Data to examine:

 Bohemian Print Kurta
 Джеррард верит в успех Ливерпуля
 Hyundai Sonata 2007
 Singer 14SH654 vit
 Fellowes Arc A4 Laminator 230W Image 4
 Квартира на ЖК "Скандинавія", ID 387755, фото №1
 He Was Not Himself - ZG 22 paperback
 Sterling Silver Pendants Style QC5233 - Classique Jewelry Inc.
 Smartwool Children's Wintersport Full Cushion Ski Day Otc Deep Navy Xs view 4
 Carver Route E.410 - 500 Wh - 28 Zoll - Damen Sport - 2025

Problem description: Output the full listing exactly as it stands.

Response to this task:
 Bohemian Print Kurta
 Джеррард верит в успех Ливерпуля
 Hyundai Sonata 2007
 Singer 14SH654 vit
 Fellowes Arc A4 Laminator 230W Image 4
 Квартира на ЖК "Скандинавія", ID 387755, фото №1
 He Was Not Himself - ZG 22 paperback
 Sterling Silver Pendants Style QC5233 - Classique Jewelry Inc.
 Smartwool Children's Wintersport Full Cushion Ski Day Otc Deep Navy Xs view 4
 Carver Route E.410 - 500 Wh - 28 Zoll - Damen Sport - 2025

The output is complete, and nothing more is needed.